RE: [PATCH RFC v2 00/18] Add VFIO mediated device support and DEV-MSI support for the idxd driver

From: Tian, Kevin
Date: Thu Aug 13 2020 - 01:26:25 EST

> From: Jason Wang <jasowang@xxxxxxxxxx>
> Sent: Thursday, August 13, 2020 12:34 PM
> On 2020/8/12 下午12:05, Tian, Kevin wrote:
> >> The problem is that if we tie all controls via VFIO uAPI, the other
> >> subsystem like vDPA is likely to duplicate them. I wonder if there is a
> >> way to decouple the vSVA out of VFIO uAPI?
> > vSVA is a per-device (either pdev or mdev) feature thus naturally should
> > be managed by its device driver (VFIO or vDPA). From this angle some
> > duplication is inevitable given VFIO and vDPA are orthogonal passthrough
> > frameworks. Within the kernel the majority of vSVA handling is done by
> > IOMMU and IOASID modules thus most logic are shared.
> So why not introduce vSVA uAPI at IOMMU or IOASID layer?

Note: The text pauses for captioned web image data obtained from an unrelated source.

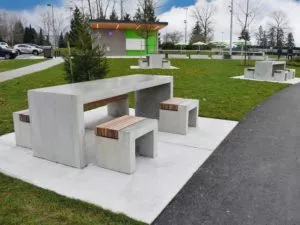 Coquitlam bench and table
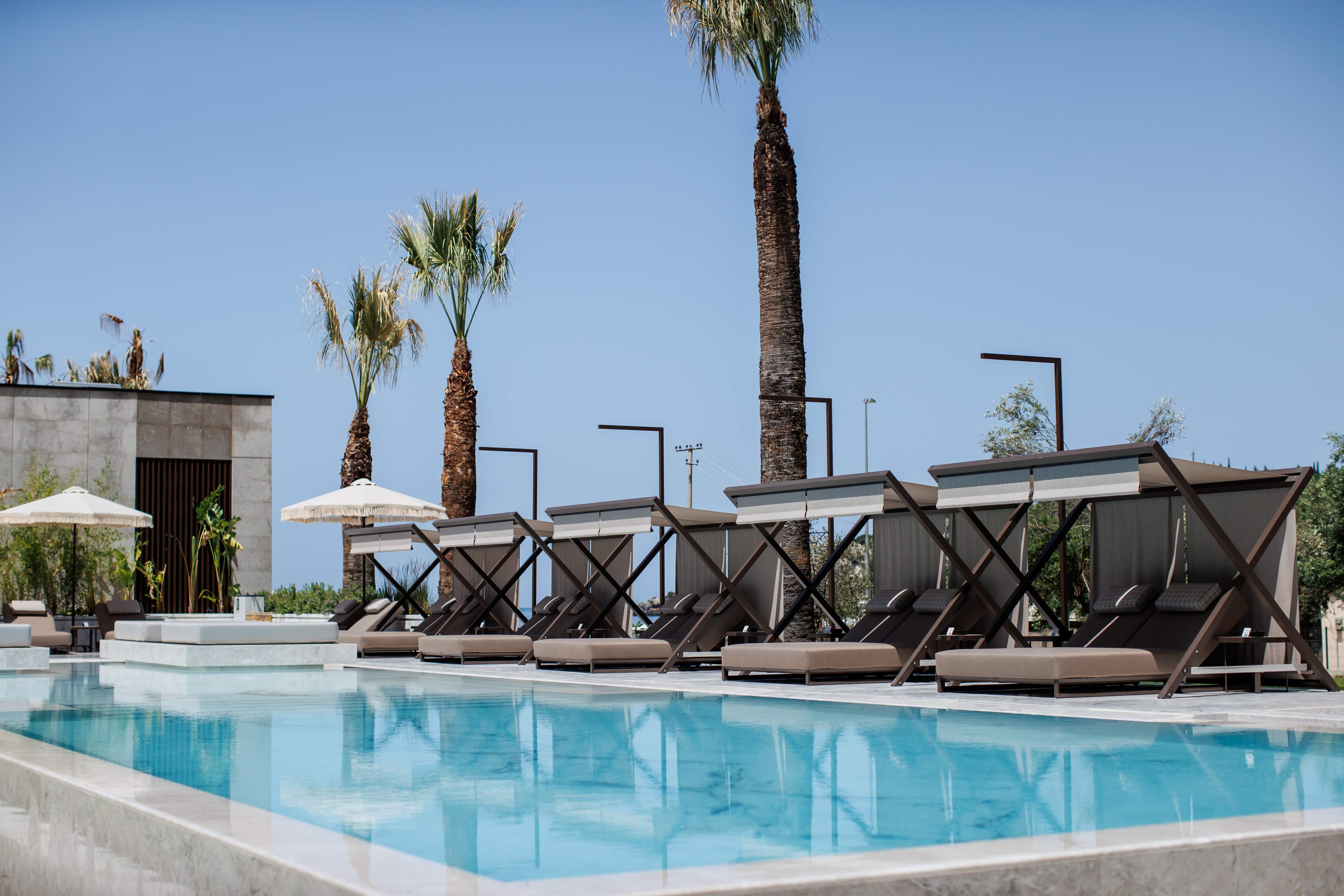 prado_luxury_hotel_pool_side_view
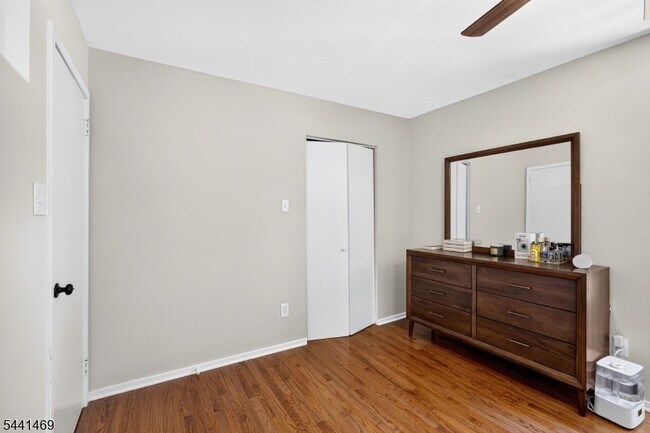 Building Photo - 22 Bradovra Ct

One may ask a similar question why IOMMU doesn't expose map/unmap
as uAPI...

> >
> >>> If an userspace DMA interface can be easily
> >>> adapted to be a passthrough one, it might be the choice.
> >> It's not that easy even for VFIO which requires a lot of new uAPIs and
> >> infrastructures(e.g mdev) to be invented.
> >>
> >>
> >>> But for idxd,
> >>> we see mdev a much better fit here, given the big difference between
> >>> what userspace DMA requires and what guest driver requires in this hw.
> >> A weak point for mdev is that it can't serve kernel subsystem other than
> >> VFIO. In this case, you need some other infrastructures (like [1]) to do
> >> this.
> > mdev is not exclusive from kernel usages. It's perfectly fine for a driver
> > to reserve some work queues for host usages, while wrapping others
> > into mdevs.
> I meant you may want slices to be an independent device from the kernel
> point of view:
> E.g for ethernet devices, you may want 10K mdevs to be passed to guest.
> Similarly, you may want 10K net devices which is connected to the kernel
> networking subsystems.
> In this case it's not simply reserving queues but you need some other
> type of device abstraction. There could be some kind of duplication
> between this and mdev.

yes, some abstraction required but isn't it what the driver should
care about instead of mdev framework itself? If the driver reports
the same set of resource to both mdev and networking, it needs to
make sure when the resource is claimed in one interface then it
should be marked in-use in another. e.g. each mdev includes a
available_intances attribute. the driver could report 10k available
instances initially and then update it to 5K when another 5K is used
for net devices later.

Mdev definitely has its usage limitations. Some may be improved
in the future, some may not. But those are distracting from the
original purpose of this thread (mdev vs. userspace DMA) and better
be discussed in other places e.g. LPC...